What is McClelland’s Theory of Needs?
McClelland’s theory of needs explains three needs namely – the need for achievement, the need for power, and the need for affiliation influence the motivation of people.
David Clarence McClelland (1917-1998), an American Psychologist proposed a motivation theory called the need theory. This theory is also commonly known as the three needs theory, acquired needs theory, motivational needs theory, learned needs theory, and achievement motivation model.
Maslow explains in his theory that, inherently people have some needs and for survival, they must satisfy those basic needs. McClelland explains people have such needs because of their life experiences.
But, McClelland explains people acquire needs based on their life journey or experiences. He says every one of us has these three needs (affiliation, power, and achievement). And, among these three needs, one is dominant in everyone.
And, the dominant one (need) shapes our behavior. People who have dominance of power need are usually good influencers. Affiliation ones are good at building relationships. And, people with dominant achievement needs are great performers and high achievers.

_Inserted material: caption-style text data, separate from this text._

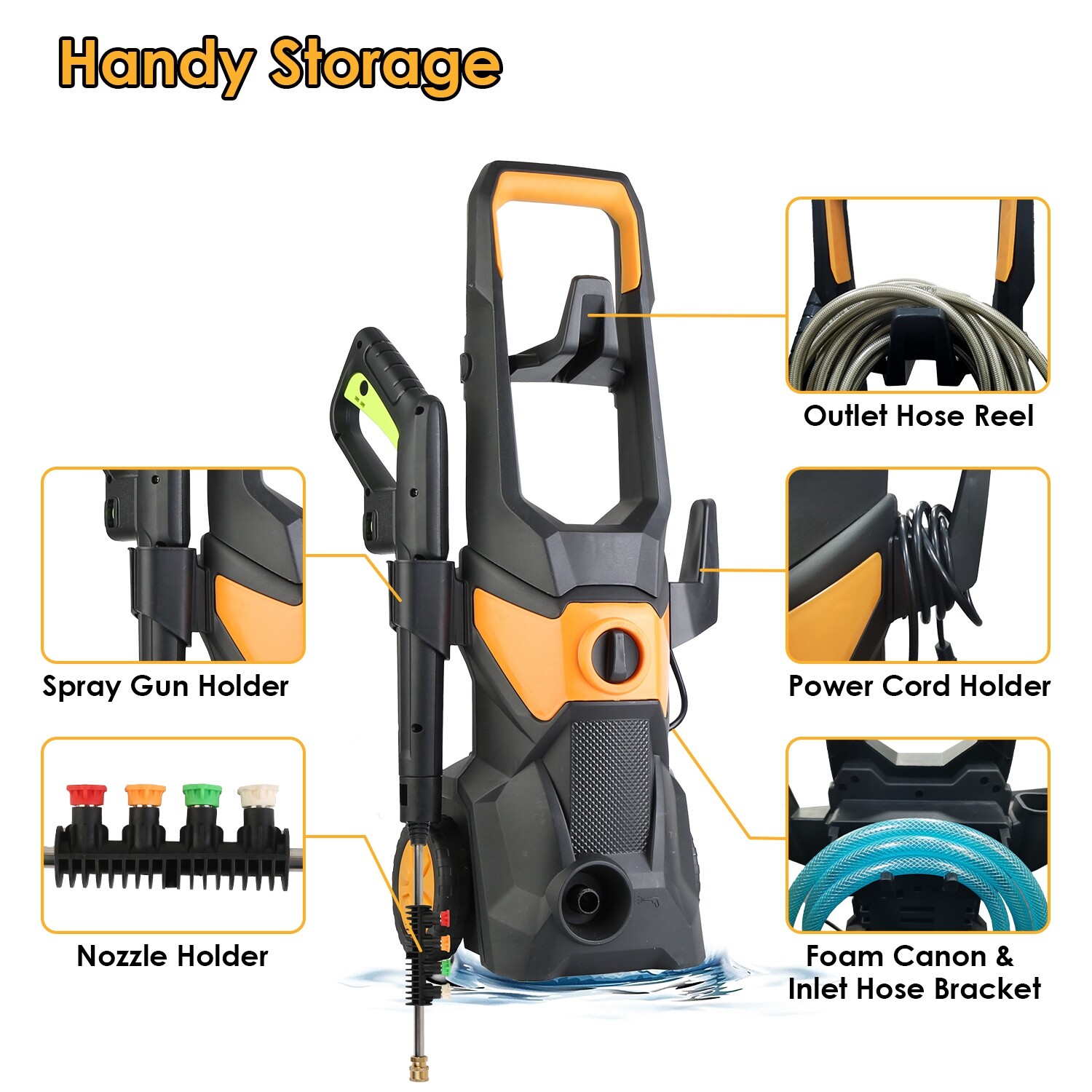 Portable Car Power Washer with Spray Gun 4 Nozzles Foam Cannon Holders for Deck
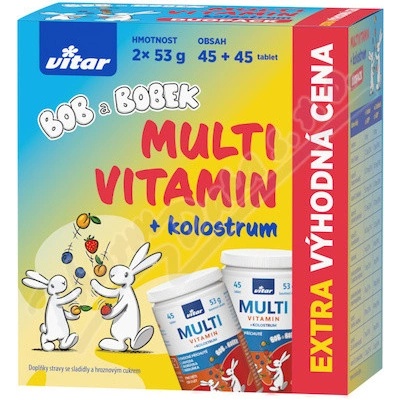 Vitar Multivitamin + kolostrum Bob a Bobek 2 x 45 tablet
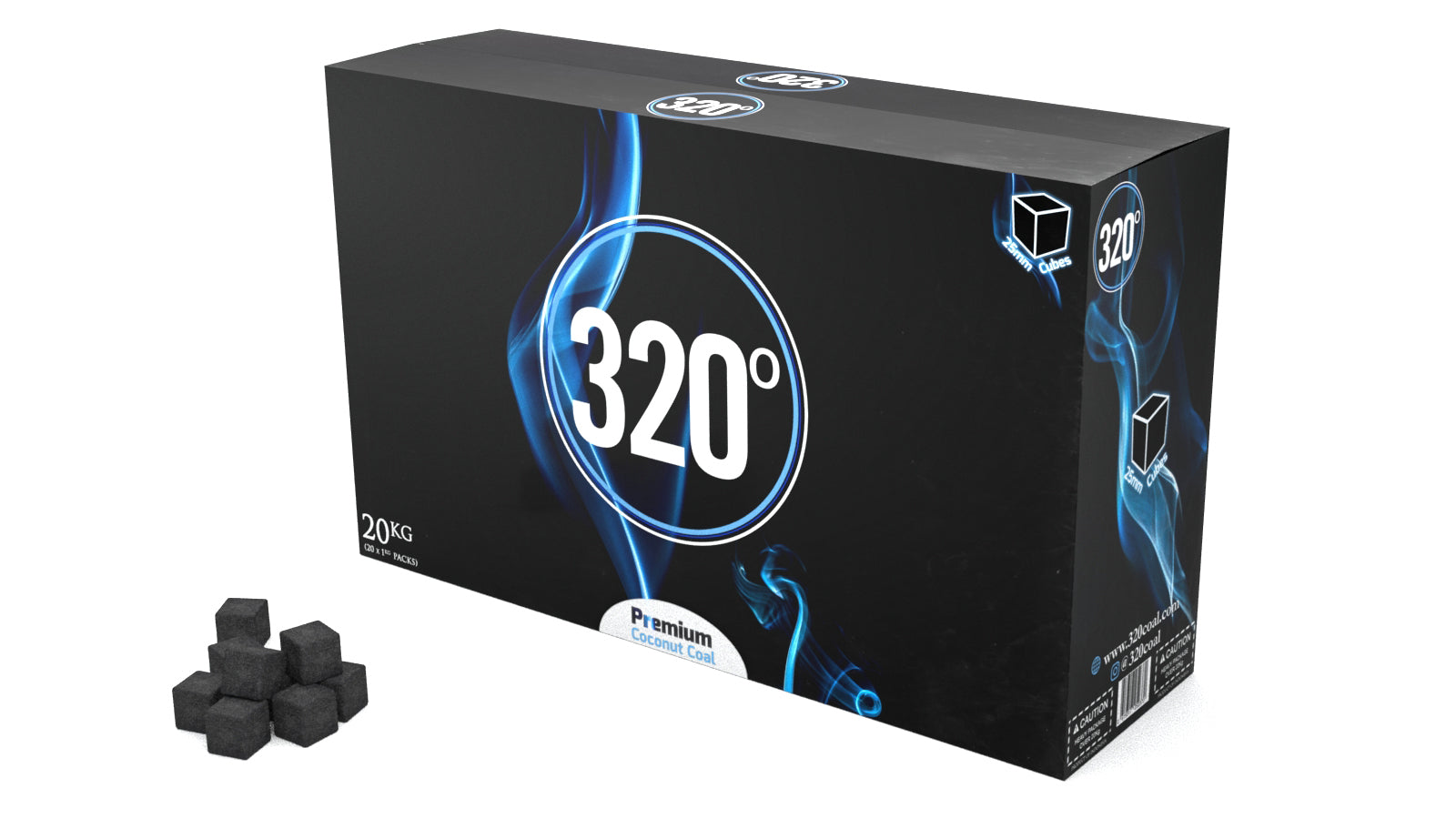 320° Shisha Coconut Charcoal Coal 20 kg – 20 x 1kg (25mm Cube)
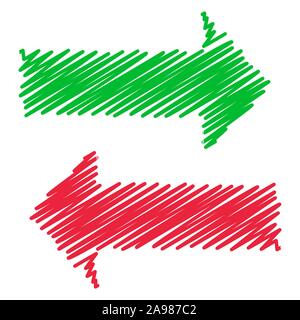 Vektor Pfeile. Grüne und rote scribble Pfeile. Abstrakte Pfeile isoliert. Stock Vektor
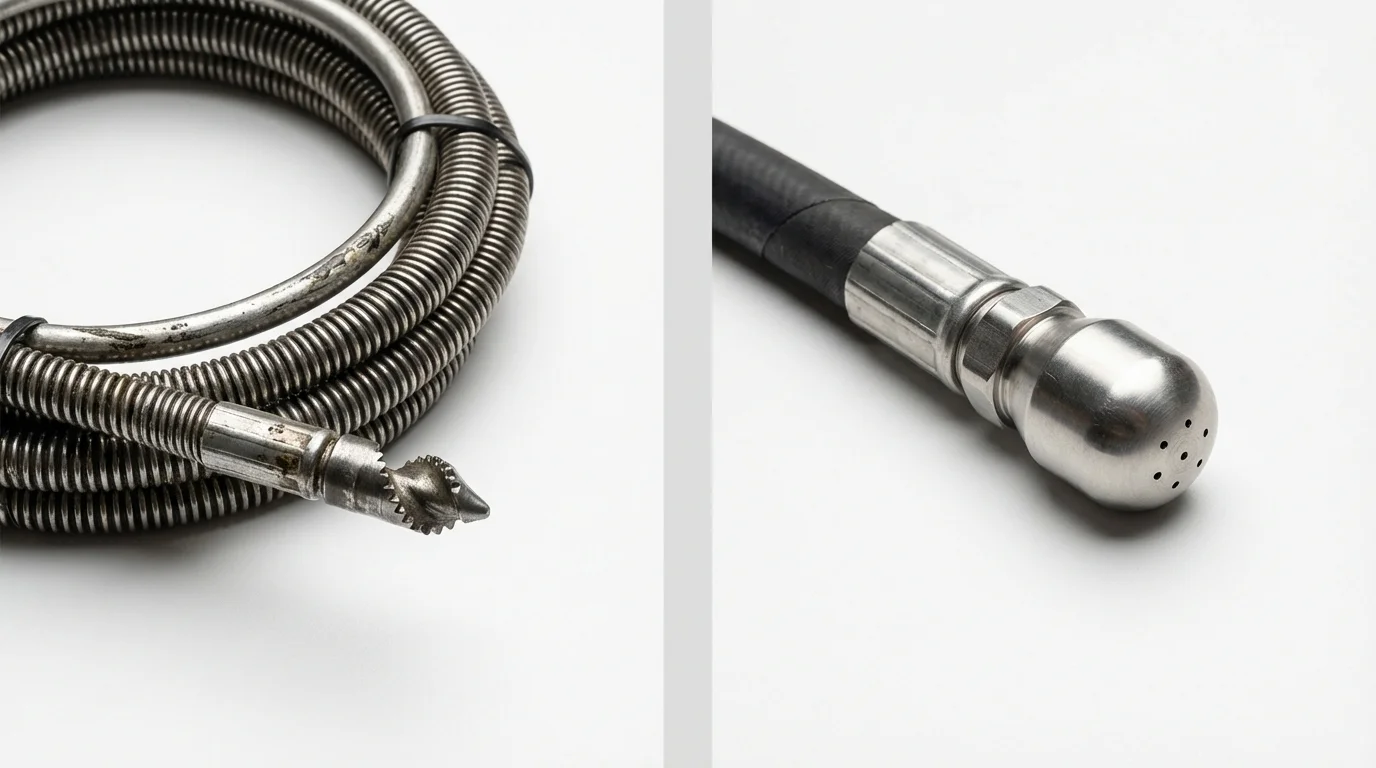 Drain snake cable and hydro jetting nozzle used for drain cleaning in Brimfield, MA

Components of Three Needs Theory
A short explanation of these three needs is mentioned below:
Also Read: Expectancy Theory of Motivation
Need For Affiliation
McClelland’s need for affiliation is similar to Maslow’s social needs and Alderfer’s relatedness needs. People with the need for affiliation are more concerned with establishing and maintaining friendly relationships with others.

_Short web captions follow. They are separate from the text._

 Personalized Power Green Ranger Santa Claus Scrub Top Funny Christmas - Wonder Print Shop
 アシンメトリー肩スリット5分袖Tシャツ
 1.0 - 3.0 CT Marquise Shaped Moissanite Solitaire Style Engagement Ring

Since we people are social animals. People with these needs love the interaction with people and want to be accepted by others. People who have a high need for affiliation have the following characteristics:
- They value the feelings of others.
- They have a strong desire for acceptance and approval from others.
- They view the organization as a platform to establish relationships.
Employees with a high need for affiliation are urged to create a friendly and more positive work environment. They are good team players. Everyone values each other and everyone wants to be accepted. They fear rejection. As such everyone is concentrated on achieving the team’s goal.
Such employees may increase the productivity of a team. However, a manager or a leader may be hampered if he has more need for affiliation because such leaders always wait for approval from others and this weakens their objectivity.
Need For Power
Power is the ability to influence others’ behaviors and actions. The need for power is the need to dominate, influence, and control people. They like to set goals, make decisions, and direct activities.
People who have a high need for power are characterized by having:
- The desire to exercise control over others.
- A concern for establishing leader-follower relations.
- A desire to direct and influence people.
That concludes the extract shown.